By Geoff Courtney
While much of the recent attention about the fatal fire on the footplate of Britannia No. 70051 Firth of Forth has understandably and rightly centred on the driver, Wallace Oakes, some thoughts of railwaymen from the time of the tragedy have also turned to the fireman, Gwilym Roberts.
Wallace died from terrible burns a week after a blowback on the footplate of the Pacific on June 5, 1965, when the Carlisle-bound express was travelling at 55mph through Winsford station north of Crewe.

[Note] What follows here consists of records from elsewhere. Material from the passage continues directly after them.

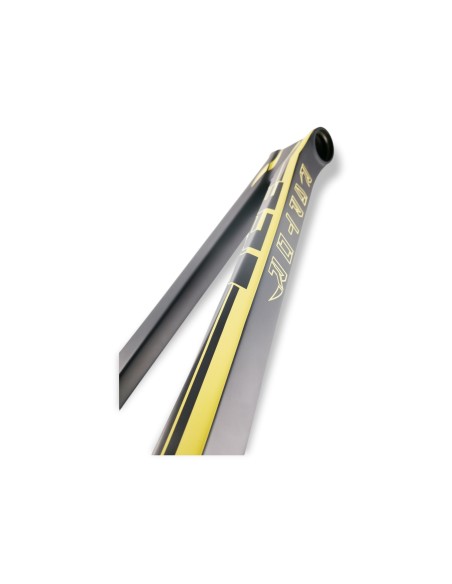 Cadre BMX carbone ICE RAPTOR Grey/Sand avec système IRC
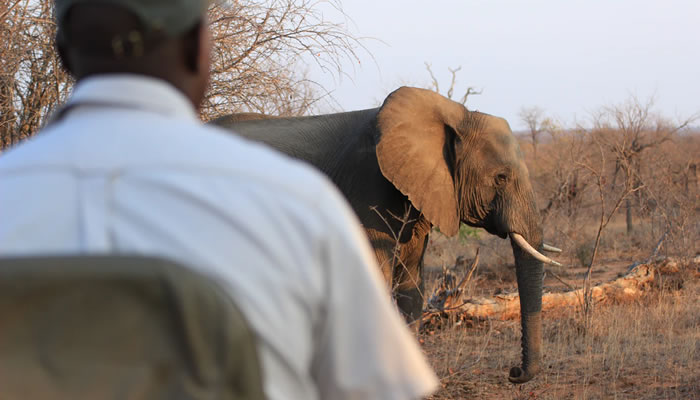Elefante no Parque Nacional Kruger, durante safári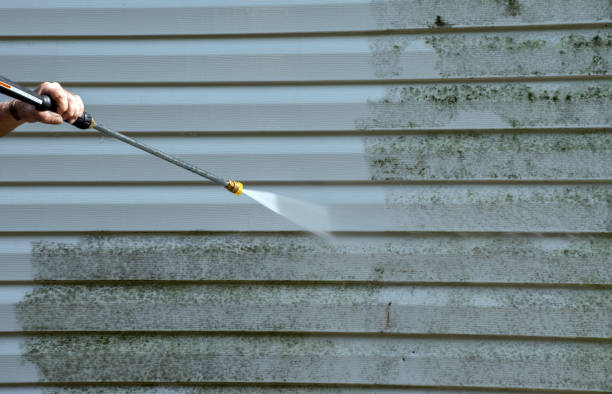 Best Mold Cleaning Services  in Cusseta, GA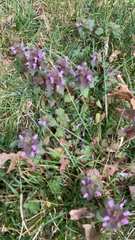 Lamium purpureum
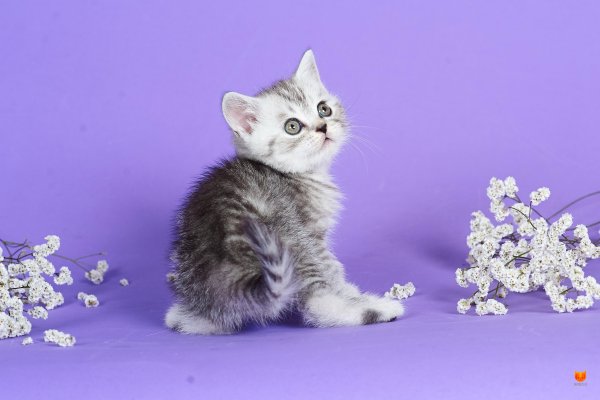 Котенок из рекламы вискас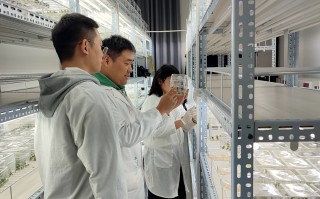 中心远科技 苏超逆流而上，赞助费飙升至300万，仍一席难求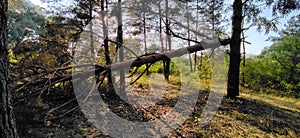 broken tree in the forest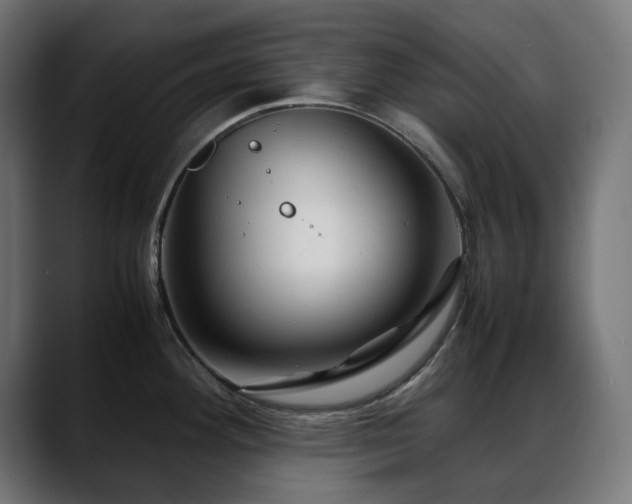 X0000088581292200705251130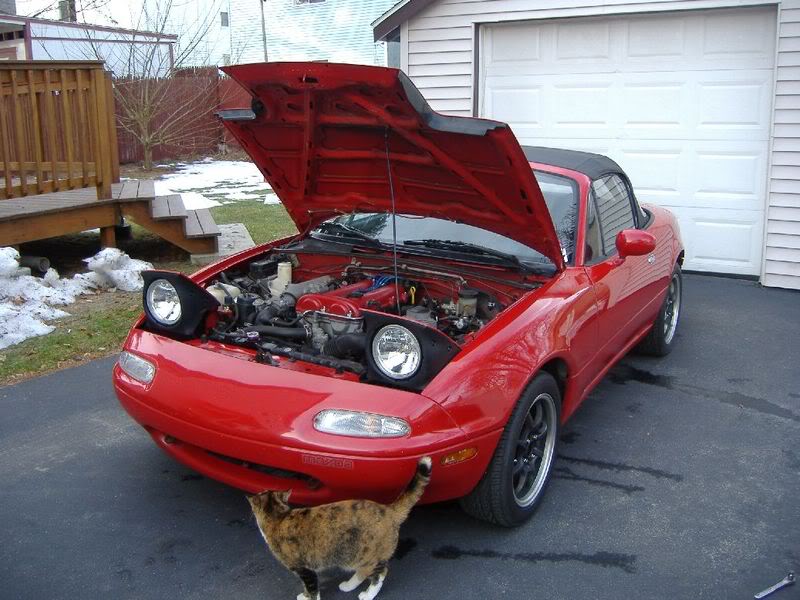 Name:  DSCF3165.jpg
Views: 102
Size:  89.7 KB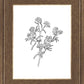 Peach Tree Flowers
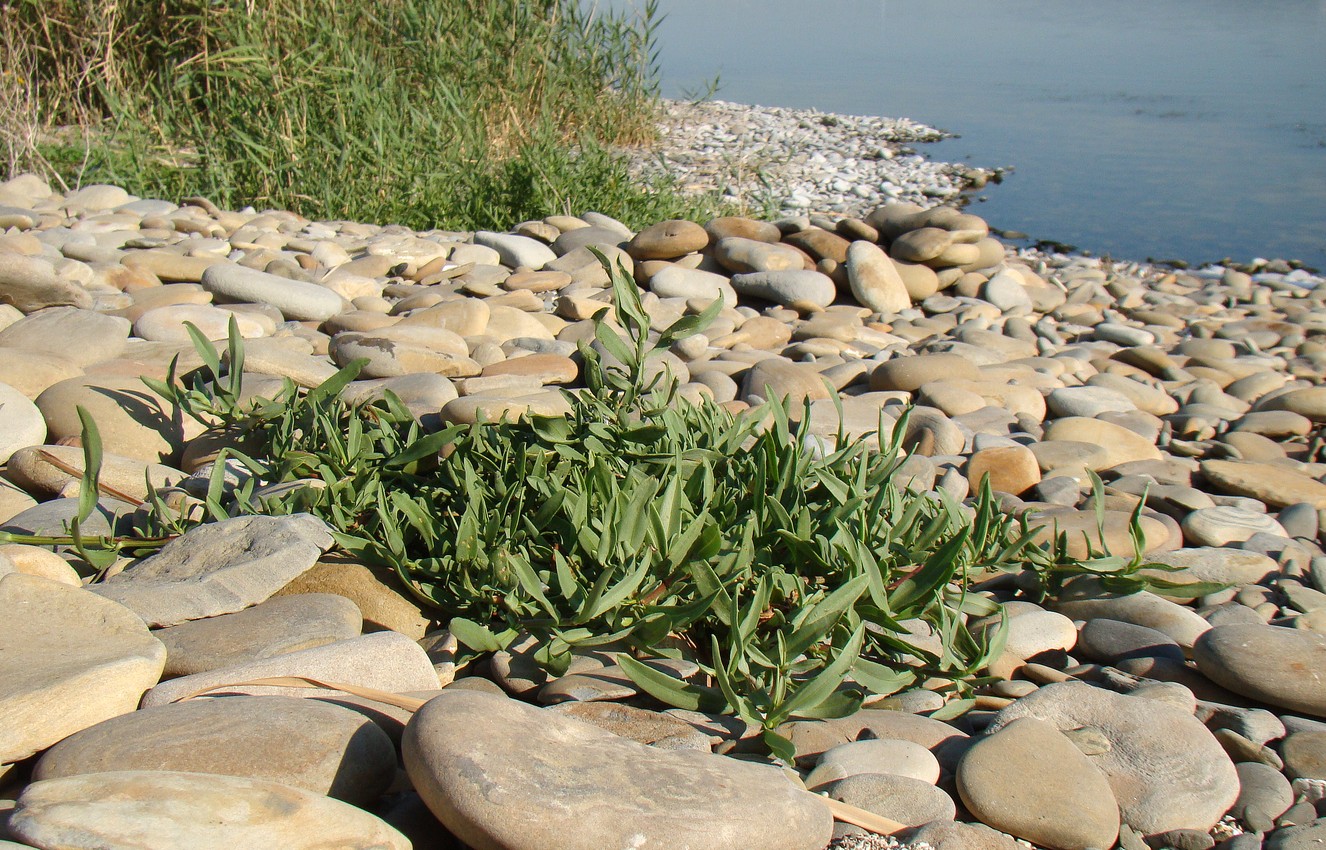 Image of Gypsophila perfoliata specimen.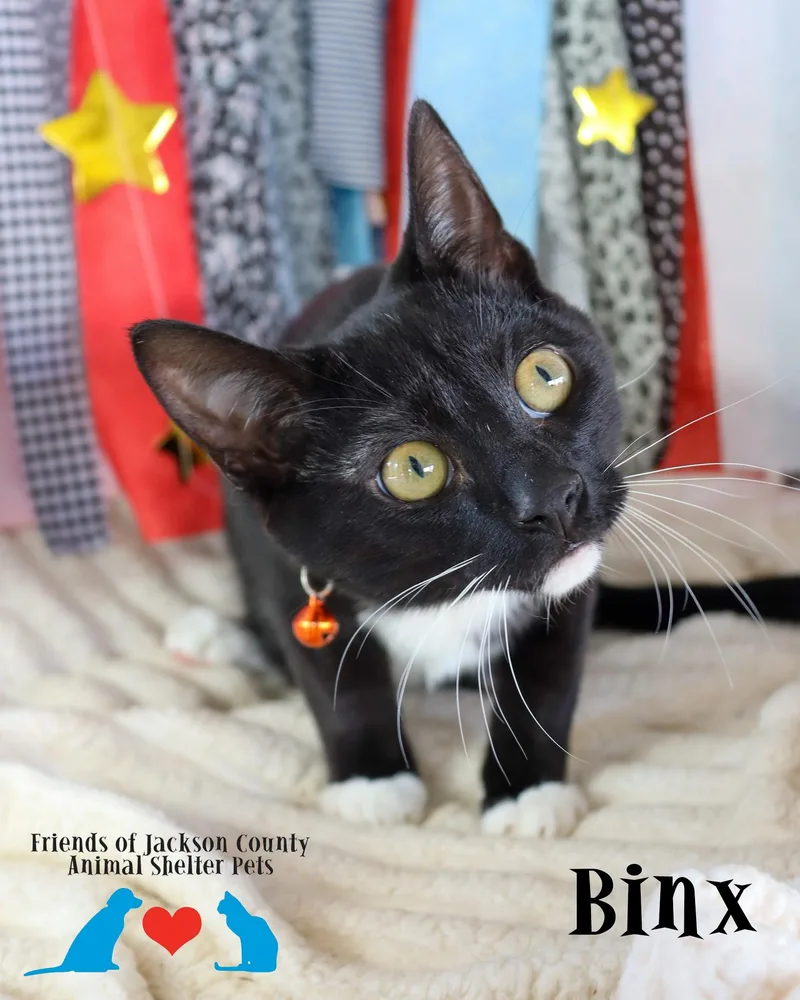 A baby small-sized male Black & White / Tuxedo Domestic Short Hair cat named Binx for adoption in Ocean Springs, MS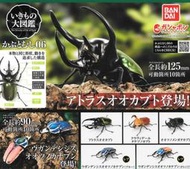 玩億清倉~ BANDAI  環保扭蛋 甲蟲 生物大圖鑑 06 獨角仙 鍬形蟲篇 單售～02號～現貨特價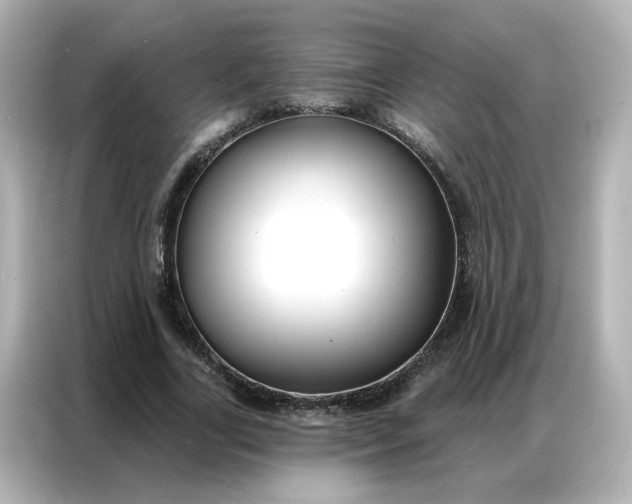 X0000086930731200704301116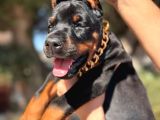King Doberman Yavrular Kalite Isteyenlere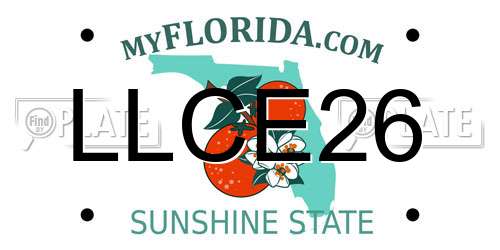 LLCE26 Florida License Plate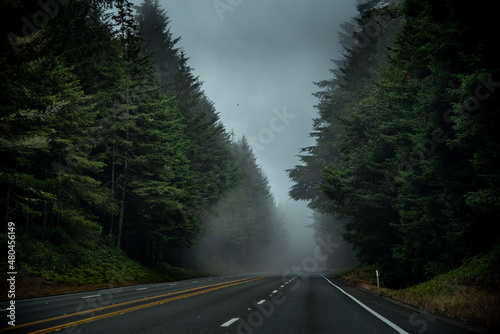 Foggy Road Canopied by Trees in the California Redwood Forest
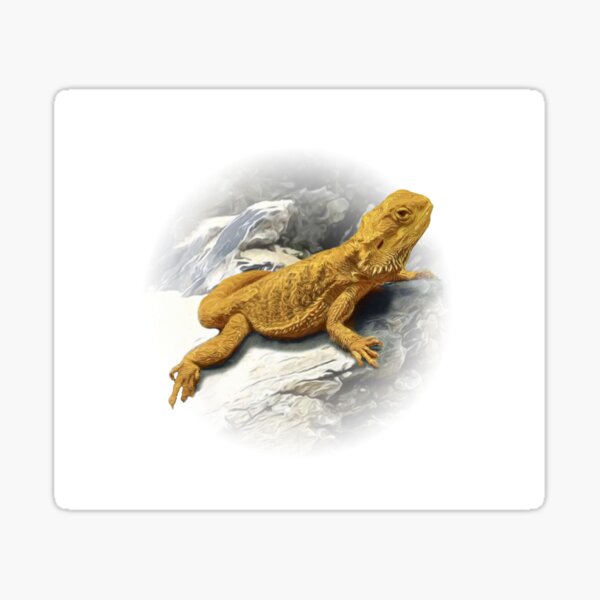 Item preview, Pogona designed and sold by Guardi71.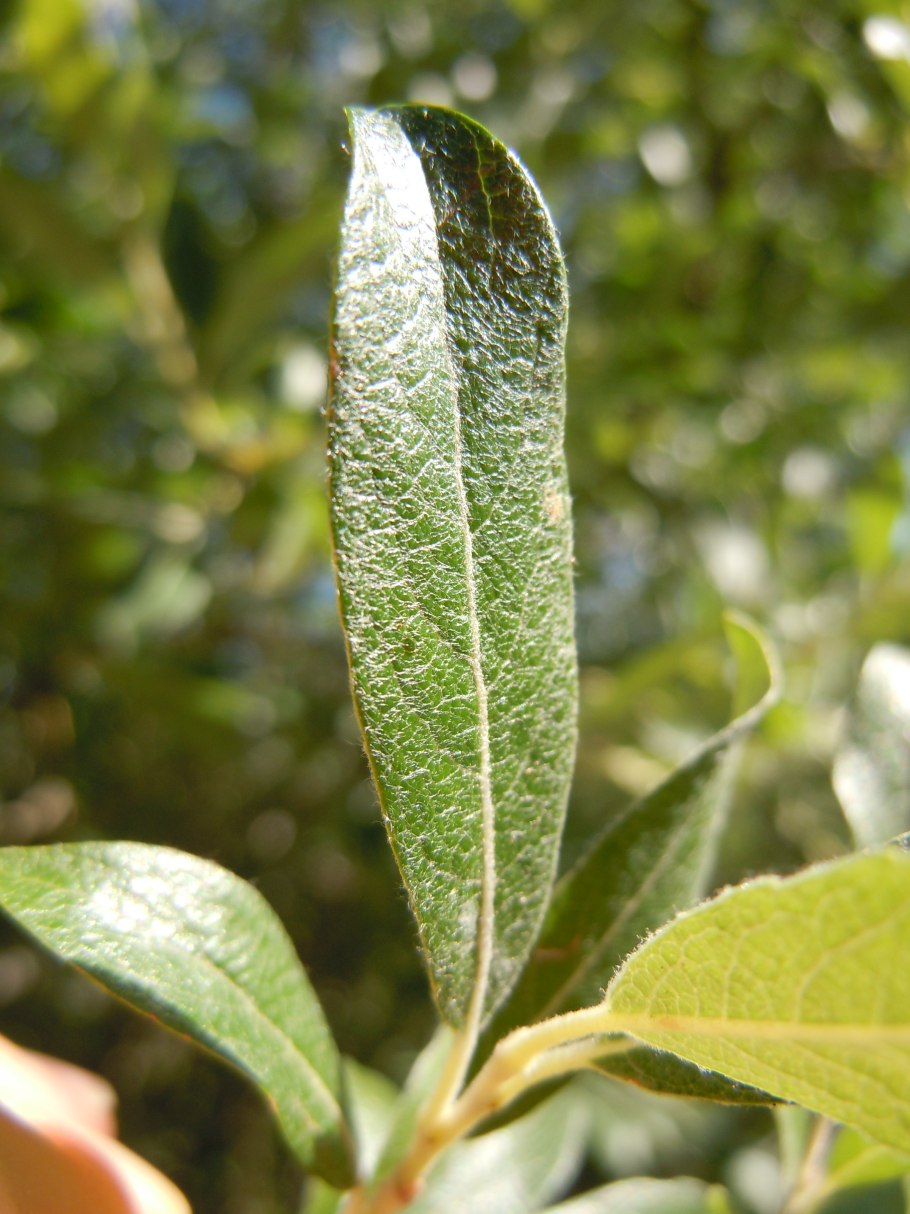 Salix discolor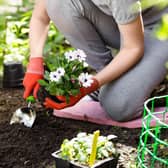 Green-fingered Brits are being offered tips on which gardening jobs they should get ahead of in March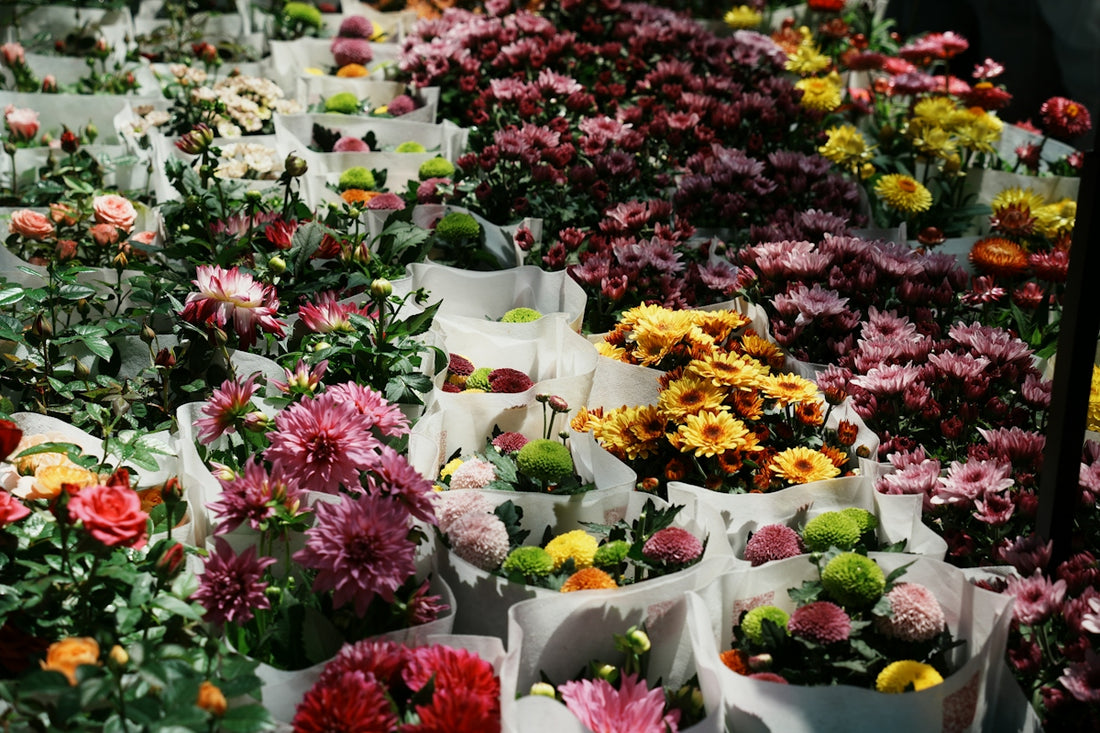 A bunch of flowers that are in a bunch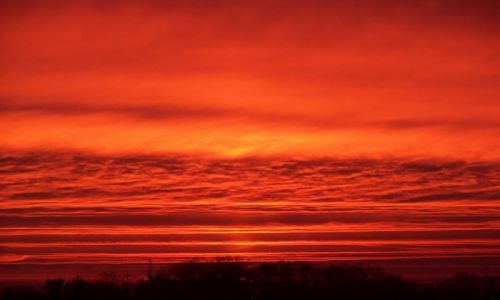 Zdjęcie POLSKA / Śląsk / Sośnicowice / Wschód słońca nad Śląskiem - 3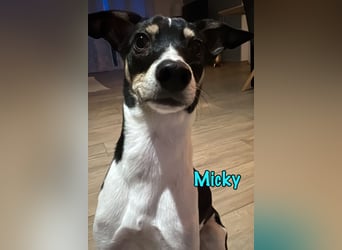 Micky geb. 03/2025 (in Deutschland) - unglaublich liebevoller Hundepartner!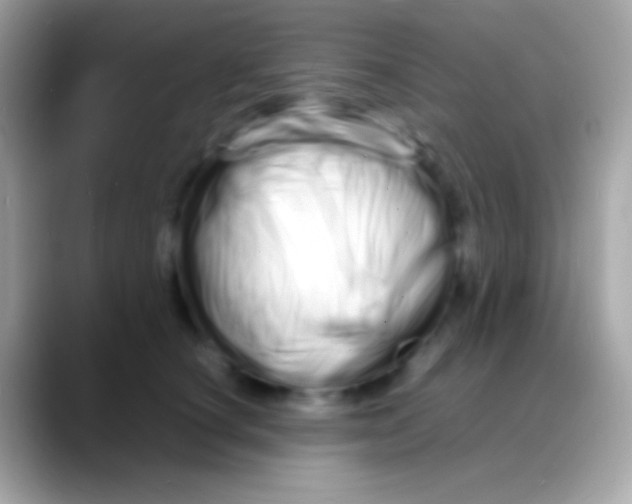 X0000088130660200706041320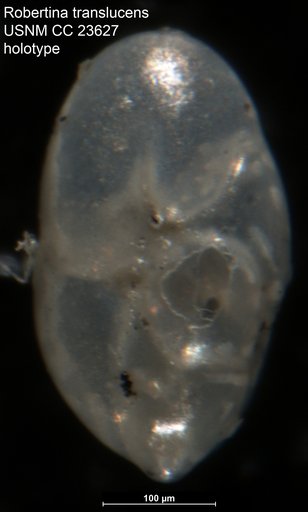 Robertina translucens Cushman & Parker, 1936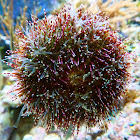 Sea urchin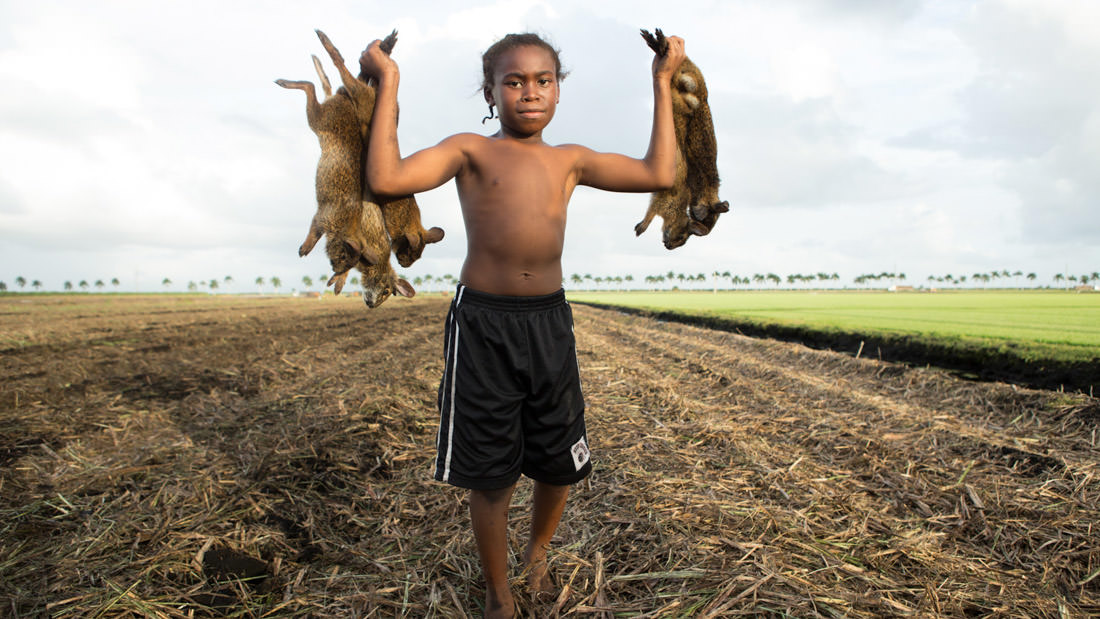 Boy holding two monkeys by their tails in a field.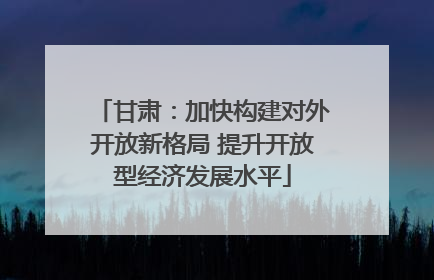 甘肃：加快构建对外开放新格局 提升开放型经济发展水平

The 33-year-old former LMS man was hailed a hero after he averted a major accident by remaining at the controls and bringing the packed train to a stop, but such was the inferno on the footplate that he suffered 80% burns that were to end his life.
He was posthumously awarded the George Cross and a Carnegie Hero Trust medal, which became part of a private collection in the mid-1990s, and were bought by the National Railway Museum at auction last year for £60,000. Interest in the sale revealed that Wallace had laid in an unmarked grave at St Matthew’s Church, Haslington, near Crewe, since his burial nearly 53 years ago, and this was remedied on February 1 when, following a fundraising appeal by Heritage Railway, a memorial headstone was dedicated at his grave.
One of the retired railwaymen who subsequently researched fireman Gwilym’s background was Brian Perry, whose entire railway career of nearly 50 years was spent at King’s Cross, starting as a cleaner at ‘Top Shed’ (34A) in September 1957, Brian, now 76 and living in Peterborough, became a driver in 1973 covering a variety of main line and suburban passenger and freight work, retiring in 2006 only months before his half-century as a railwayman.